RECORDS below:

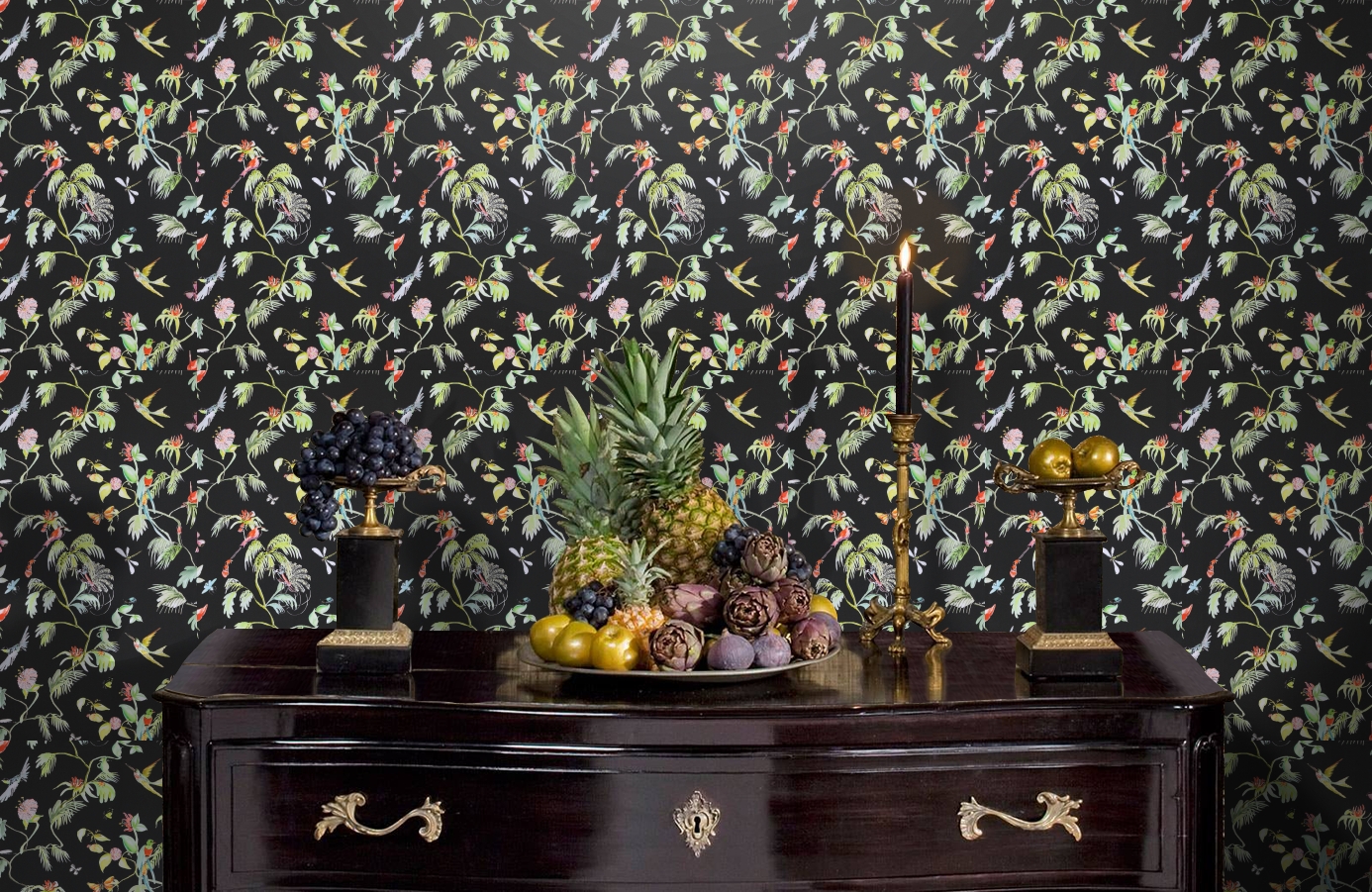 Обои 17712 фото в интерьере гостиной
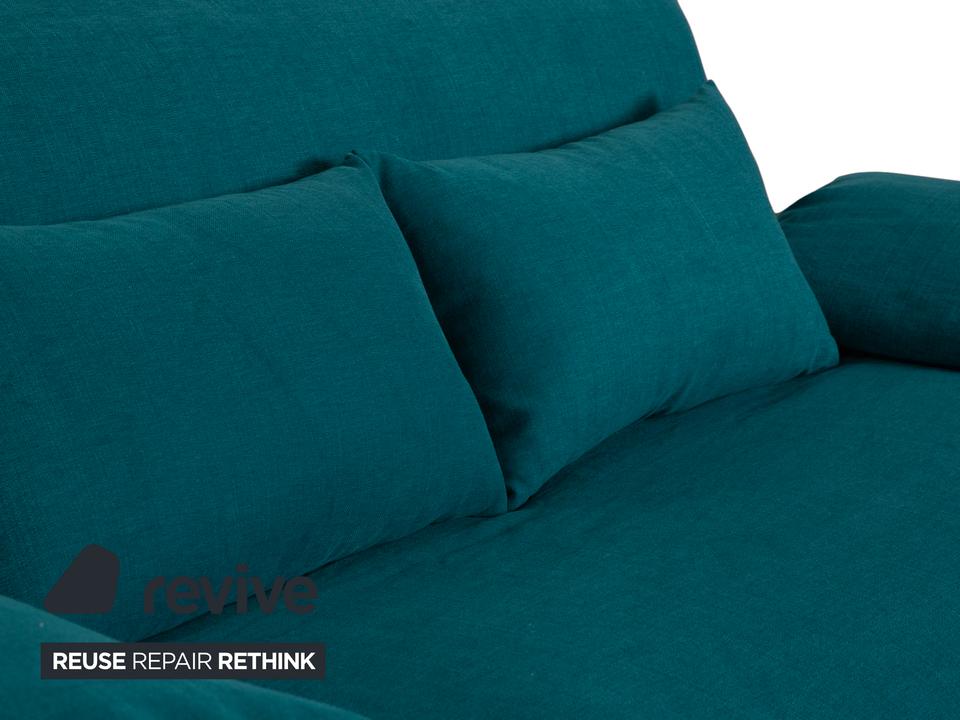 Ligne Roset Multy Stoff Dreisitzer Grün Blau Petrol ✨ – Bild 8
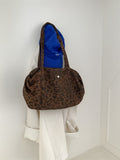Vintage Leopard Print Large Capacity Shoulder Bag 6W10BBG1361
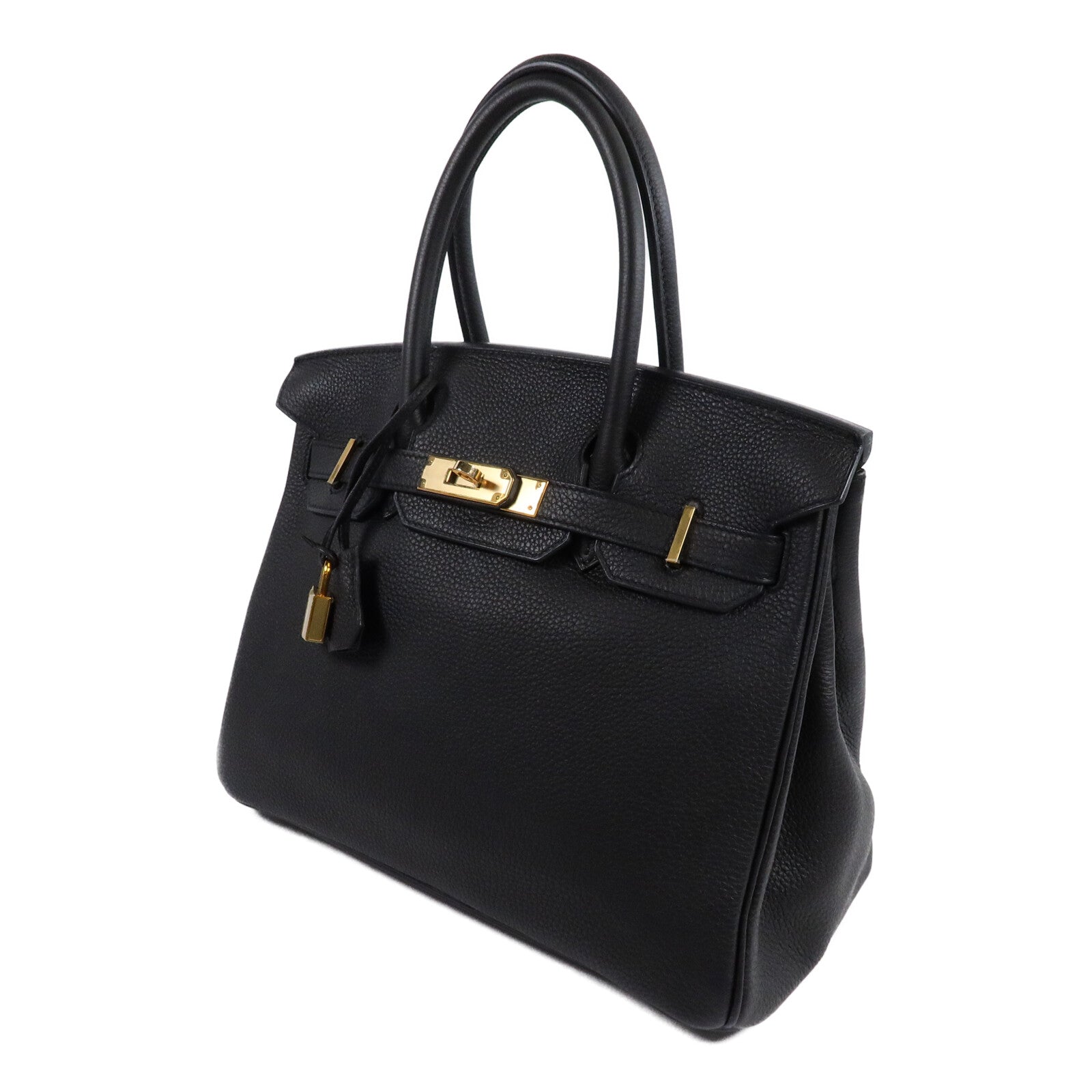 HERMES Togo皮革Birkin 30手挽袋Noir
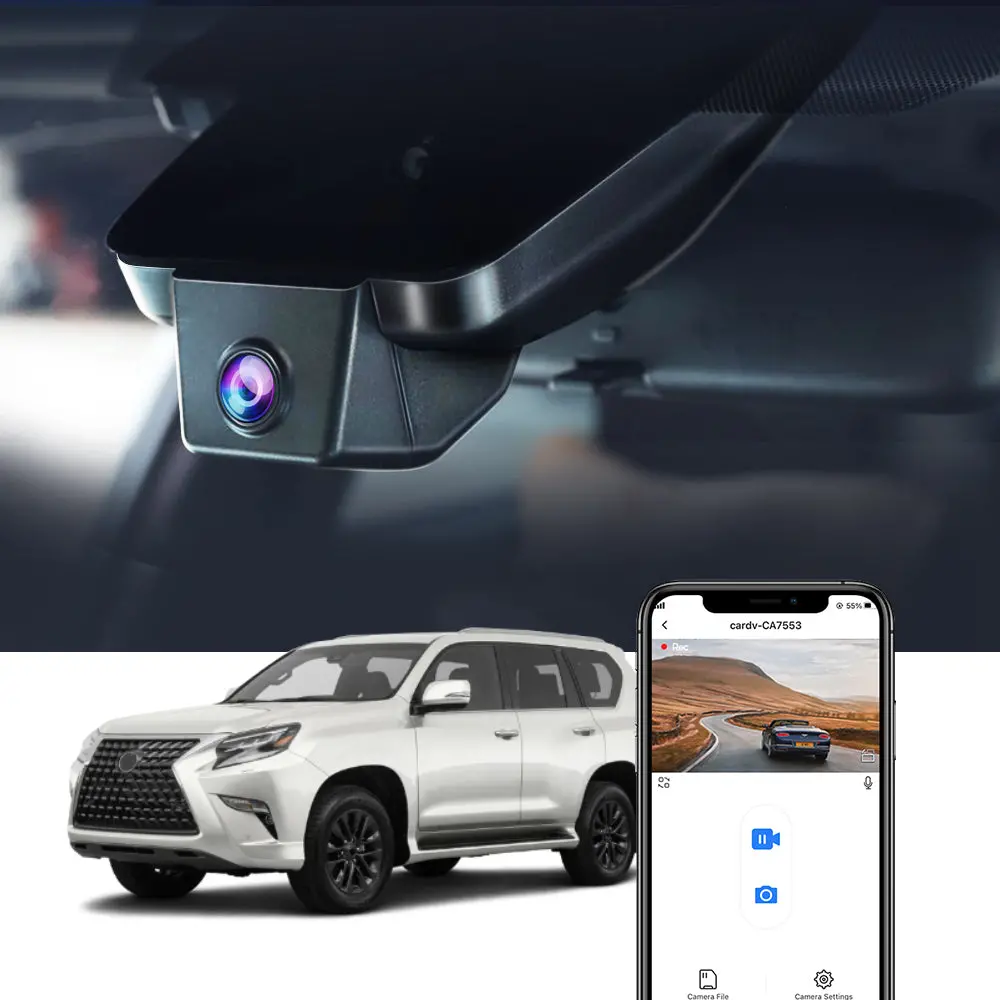 Fitcamx Dash Cam For Toyota Land Cruiser Prado 2020-2023 1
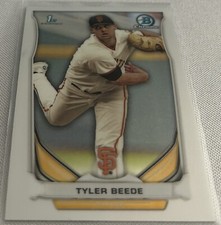 2014 Bowman Chrome Draft Baseball Tyler Beede San Francisco Giants 1st Bowman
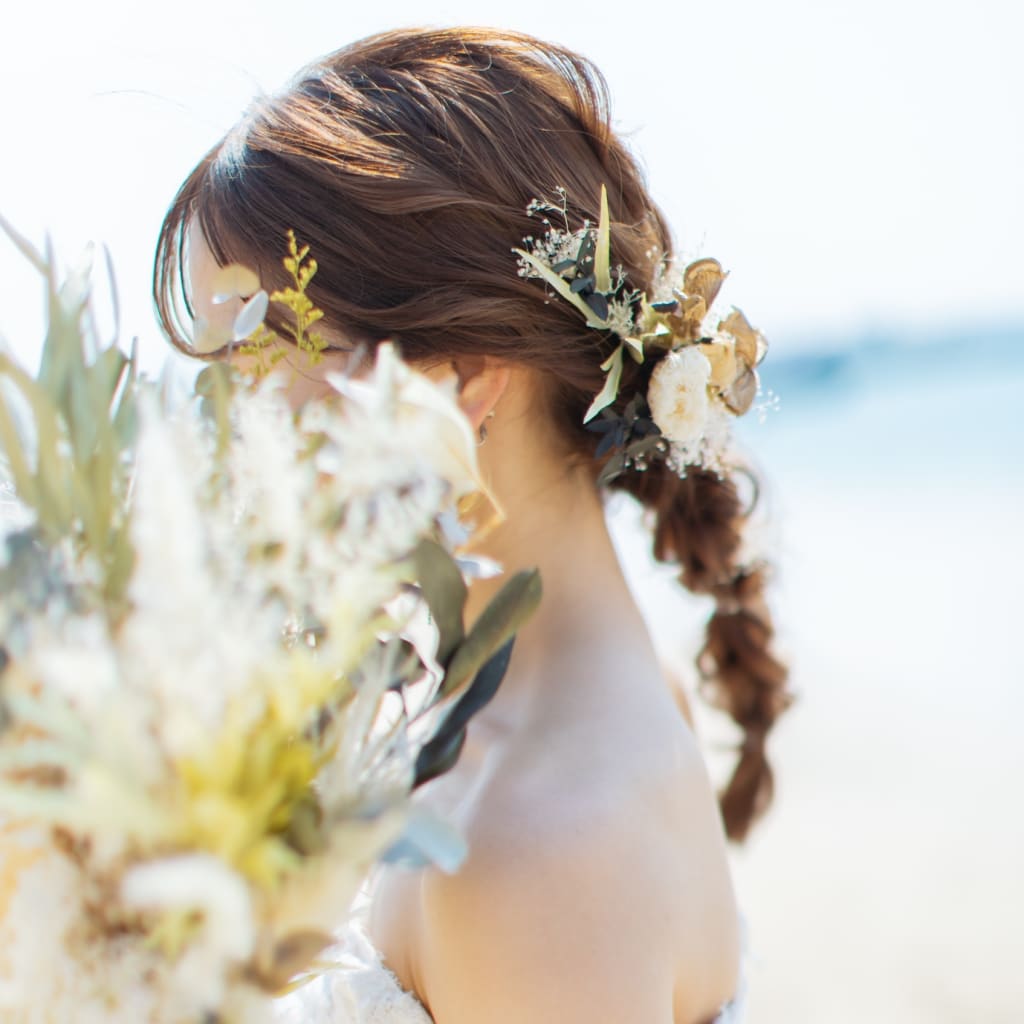 編み下ろしヘアスタイル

End of RECORDS.

# WHAT NEEDS TO BE DONE:
Give every line above again exactly, with no pictures.

# RESPONSE TO THE EXERCISE:
 Обои 17712 фото в интерьере гостиной
 Ligne Roset Multy Stoff Dreisitzer Grün Blau Petrol ✨ – Bild 8
Vintage Leopard Print Large Capacity Shoulder Bag 6W10BBG1361
 HERMES Togo皮革Birkin 30手挽袋Noir
 Fitcamx Dash Cam For Toyota Land Cruiser Prado 2020-2023 1
 2014 Bowman Chrome Draft Baseball Tyler Beede San Francisco Giants 1st Bowman
 編み下ろしヘアスタイル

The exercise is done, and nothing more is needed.